Molecular genetics and imaging technologies for circuit-based neuroanatomy

Abstract

Brain function emerges from the morphologies, spatial organization and patterns of connectivity established between diverse sets of neurons. Historically, the notion that neuronal structure predicts function stemmed from classic histological staining and neuronal tracing methods. Recent advances in molecular genetics and imaging technologies have begun to reveal previously unattainable details about patterns of functional circuit connectivity and the subcellular organization of synapses in the living brain. This sophisticated molecular and genetic 'toolbox', coupled with new methods in optical and electron microscopy, provides an expanding array of techniques for probing neural anatomy and function.

Figure 1. Viral vectors for trans-synaptic labeling

Several viruses display trans-synaptic spread, including pseudorabies virus (PRV) and rabies virus (RV),,,. PRV can be used to differentially trace intact brain circuits by expressing FPs of different colors (A). A drawback of replicating viral vectors such as PRV is that they continue to propagate from cell to cell, making it difficult to discern monosynaptic from polysynaptic patterns of connectivity. An alternative method relies on the generation of recombinant RV deficient for the gene encoding the G-protein coat particle, which is replaced by an EGFP reporter. To target EGFP-expressing RV to desired neuronal subsets, RV particles can be pseudotyped with the EnvA coat protein, which specifically binds TVA class receptors. By targeting neurons for TVA expression, RV infection can thus be limited to only those neurons (B). A clever twist on this approach implemented by Wickersham et al. included the introduction of a plasmid that encodes the wildtype RV G protein, allowing the disarmed EGFP-expressing virus to undergo one round of subsequent infection to presynaptic partners of TVA-targeted neurons. Since only the initially infected neuron contains the wildtype RV G protein, viral spread is halted after one round of monosynaptic jumping. Adding a plasmid encoding a red FP allows the cell originally targeted for infection to be identified amongst the monosynaptic network of GFP labeled cells (C). Green plus signs represent sights of monosynaptic viral transfer; red crosses represent polysynaptic sites that lack viral transfer due to the absence of wildtype G protein.

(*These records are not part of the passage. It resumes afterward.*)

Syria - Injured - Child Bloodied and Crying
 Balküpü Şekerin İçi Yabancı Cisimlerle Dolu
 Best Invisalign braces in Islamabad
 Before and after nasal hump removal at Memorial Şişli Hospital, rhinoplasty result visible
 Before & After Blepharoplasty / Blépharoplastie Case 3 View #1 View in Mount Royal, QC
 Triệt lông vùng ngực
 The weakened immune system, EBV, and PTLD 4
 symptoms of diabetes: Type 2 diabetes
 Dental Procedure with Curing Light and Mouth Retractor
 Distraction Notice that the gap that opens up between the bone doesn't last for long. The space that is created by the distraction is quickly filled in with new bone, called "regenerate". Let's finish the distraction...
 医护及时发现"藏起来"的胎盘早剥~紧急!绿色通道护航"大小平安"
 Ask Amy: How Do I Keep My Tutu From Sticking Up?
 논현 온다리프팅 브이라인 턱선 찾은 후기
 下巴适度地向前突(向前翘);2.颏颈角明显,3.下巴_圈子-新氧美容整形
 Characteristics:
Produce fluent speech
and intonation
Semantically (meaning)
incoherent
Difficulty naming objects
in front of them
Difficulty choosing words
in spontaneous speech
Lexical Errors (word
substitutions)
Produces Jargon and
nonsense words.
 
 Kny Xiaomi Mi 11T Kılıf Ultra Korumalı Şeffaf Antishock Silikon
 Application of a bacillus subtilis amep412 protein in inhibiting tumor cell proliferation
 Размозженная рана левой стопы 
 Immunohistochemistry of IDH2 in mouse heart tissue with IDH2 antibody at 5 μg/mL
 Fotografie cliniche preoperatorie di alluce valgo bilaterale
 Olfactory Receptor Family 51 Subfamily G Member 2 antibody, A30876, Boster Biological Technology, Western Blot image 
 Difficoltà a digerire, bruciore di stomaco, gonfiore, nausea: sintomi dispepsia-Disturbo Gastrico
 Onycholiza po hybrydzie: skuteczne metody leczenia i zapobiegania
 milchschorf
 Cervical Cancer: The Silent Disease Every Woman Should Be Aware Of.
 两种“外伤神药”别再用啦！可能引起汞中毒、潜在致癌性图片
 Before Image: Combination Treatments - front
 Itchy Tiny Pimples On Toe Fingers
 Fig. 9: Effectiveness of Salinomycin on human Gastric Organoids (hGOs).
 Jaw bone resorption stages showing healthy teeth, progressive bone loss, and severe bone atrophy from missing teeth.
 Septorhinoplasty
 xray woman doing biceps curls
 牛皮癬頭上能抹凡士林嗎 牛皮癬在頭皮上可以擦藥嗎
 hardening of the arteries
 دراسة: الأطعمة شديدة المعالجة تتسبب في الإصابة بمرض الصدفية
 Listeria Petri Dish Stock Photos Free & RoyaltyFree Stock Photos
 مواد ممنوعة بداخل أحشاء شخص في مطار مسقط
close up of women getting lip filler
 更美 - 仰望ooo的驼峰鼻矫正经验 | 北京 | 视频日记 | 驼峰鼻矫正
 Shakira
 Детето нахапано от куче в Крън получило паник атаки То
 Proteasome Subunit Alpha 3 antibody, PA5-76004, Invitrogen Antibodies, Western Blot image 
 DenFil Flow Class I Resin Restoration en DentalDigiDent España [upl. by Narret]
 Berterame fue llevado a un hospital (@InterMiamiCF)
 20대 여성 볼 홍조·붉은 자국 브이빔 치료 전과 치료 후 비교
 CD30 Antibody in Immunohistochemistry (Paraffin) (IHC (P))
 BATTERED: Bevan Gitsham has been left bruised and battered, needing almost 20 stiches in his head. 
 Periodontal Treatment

Figure 2. Conditional anatomy using the Brainbow system

Brainbow mice can be used to identify neuronal subsets by conditional activation of fluorescent reporters. Cre mediated recombination between loxP sequences is orientation dependent. If loxP sites are in the same 5′-3′ direction, recombination results in excision of the flanked DNA sequence. When loxP sites are in opposite orientation, recombination drives inversion of the flanked DNA. A) A Cre-mediated excision strategy based on a transgenic allele containing pairs of mutated loxP sites and multiple fluorescent proteins to generate cells of different colors. Black, gray, and white arrows represent different loxP sequence mutations. Recombination only occurs between mutant pairs, resulting in cells with different color codes depending on the random recombination events between like pairs. The events labeled 1–4 correspond to patterns of FP expression shown on the right. B) A Cre-mediated inversion strategy based on an allele that harbors multiple loxP sites of the same type in both orientations. Stochastic recombination events between inversion pairs results in different color possibilities (1–4, and the resulting color code on right). Bottom, the spectrum of colors that cells can express with different Brainbow alleles and recombination events. C–E) Images of Brainbow tissue following Cre-mediated recombination to stochastically label different types of neurons. Images were originally published in Nat Rev Neurosci, 9, 2008, by J.W. Lichtman, J. Livet, and J.R. Sanes. C) Fibers from a motor nerve innervating the ear. D) Axon tracts coursing through the brainstem. E) Cells of the hippocampal dentate gyrus.